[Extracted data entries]
"""

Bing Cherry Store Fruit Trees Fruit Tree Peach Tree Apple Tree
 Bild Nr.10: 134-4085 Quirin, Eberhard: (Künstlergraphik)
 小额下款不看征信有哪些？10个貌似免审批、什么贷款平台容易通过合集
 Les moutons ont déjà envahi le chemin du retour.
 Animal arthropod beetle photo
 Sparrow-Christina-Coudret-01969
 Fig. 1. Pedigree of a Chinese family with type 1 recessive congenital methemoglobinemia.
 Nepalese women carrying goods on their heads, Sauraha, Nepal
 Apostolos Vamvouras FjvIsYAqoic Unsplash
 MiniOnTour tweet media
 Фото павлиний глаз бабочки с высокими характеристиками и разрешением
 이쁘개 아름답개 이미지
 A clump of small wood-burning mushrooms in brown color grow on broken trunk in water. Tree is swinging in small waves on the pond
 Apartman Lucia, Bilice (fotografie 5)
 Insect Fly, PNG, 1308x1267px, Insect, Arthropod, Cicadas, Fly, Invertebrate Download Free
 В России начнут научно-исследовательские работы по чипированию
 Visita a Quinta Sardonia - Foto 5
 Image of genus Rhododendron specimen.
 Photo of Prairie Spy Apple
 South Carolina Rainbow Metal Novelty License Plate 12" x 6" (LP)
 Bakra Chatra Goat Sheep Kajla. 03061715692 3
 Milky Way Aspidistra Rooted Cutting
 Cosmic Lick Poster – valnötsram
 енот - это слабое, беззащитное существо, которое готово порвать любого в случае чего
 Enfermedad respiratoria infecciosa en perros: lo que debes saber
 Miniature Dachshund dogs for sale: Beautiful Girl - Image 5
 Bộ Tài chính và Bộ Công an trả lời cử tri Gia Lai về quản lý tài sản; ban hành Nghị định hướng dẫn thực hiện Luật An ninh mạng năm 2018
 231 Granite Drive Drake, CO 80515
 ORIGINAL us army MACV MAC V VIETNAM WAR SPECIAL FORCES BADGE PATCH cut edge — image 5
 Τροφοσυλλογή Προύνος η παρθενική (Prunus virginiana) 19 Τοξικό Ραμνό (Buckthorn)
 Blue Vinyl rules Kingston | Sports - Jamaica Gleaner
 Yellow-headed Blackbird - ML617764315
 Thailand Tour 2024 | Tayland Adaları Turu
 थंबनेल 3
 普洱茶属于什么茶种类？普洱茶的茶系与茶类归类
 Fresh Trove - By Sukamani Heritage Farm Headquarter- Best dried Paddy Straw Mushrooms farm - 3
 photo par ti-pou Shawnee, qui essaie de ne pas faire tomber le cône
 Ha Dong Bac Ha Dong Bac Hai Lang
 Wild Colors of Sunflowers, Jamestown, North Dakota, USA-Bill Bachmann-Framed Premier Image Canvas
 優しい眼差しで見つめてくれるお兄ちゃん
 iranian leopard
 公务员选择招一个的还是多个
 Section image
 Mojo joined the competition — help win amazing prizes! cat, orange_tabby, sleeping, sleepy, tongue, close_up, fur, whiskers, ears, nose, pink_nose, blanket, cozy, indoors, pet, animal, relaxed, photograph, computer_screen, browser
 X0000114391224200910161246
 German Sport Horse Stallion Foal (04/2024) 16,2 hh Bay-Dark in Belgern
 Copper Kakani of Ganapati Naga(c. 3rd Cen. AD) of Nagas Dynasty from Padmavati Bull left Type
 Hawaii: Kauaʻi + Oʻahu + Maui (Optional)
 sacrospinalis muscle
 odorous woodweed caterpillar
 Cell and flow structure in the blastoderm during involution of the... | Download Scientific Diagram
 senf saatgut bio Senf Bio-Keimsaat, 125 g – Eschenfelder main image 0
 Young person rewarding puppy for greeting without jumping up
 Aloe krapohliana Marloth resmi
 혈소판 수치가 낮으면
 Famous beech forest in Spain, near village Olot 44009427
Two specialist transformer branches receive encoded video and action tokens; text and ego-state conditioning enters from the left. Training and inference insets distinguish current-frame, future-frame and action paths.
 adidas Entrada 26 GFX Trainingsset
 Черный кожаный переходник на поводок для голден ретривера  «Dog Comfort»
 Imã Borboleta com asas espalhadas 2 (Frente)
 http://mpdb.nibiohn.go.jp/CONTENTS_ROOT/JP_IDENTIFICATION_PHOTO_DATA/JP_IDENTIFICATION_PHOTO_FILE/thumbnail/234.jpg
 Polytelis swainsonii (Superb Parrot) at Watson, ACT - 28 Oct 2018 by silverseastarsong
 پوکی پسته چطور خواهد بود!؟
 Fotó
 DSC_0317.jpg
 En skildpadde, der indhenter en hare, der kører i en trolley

"""

> YOUR GOAL:
Every line above that includes the word "Tree" must appear in the answer.

> ANSWER:
Bing Cherry Store Fruit Trees Fruit Tree Peach Tree Apple Tree
 A clump of small wood-burning mushrooms in brown color grow on broken trunk in water. Tree is swinging in small waves on the pond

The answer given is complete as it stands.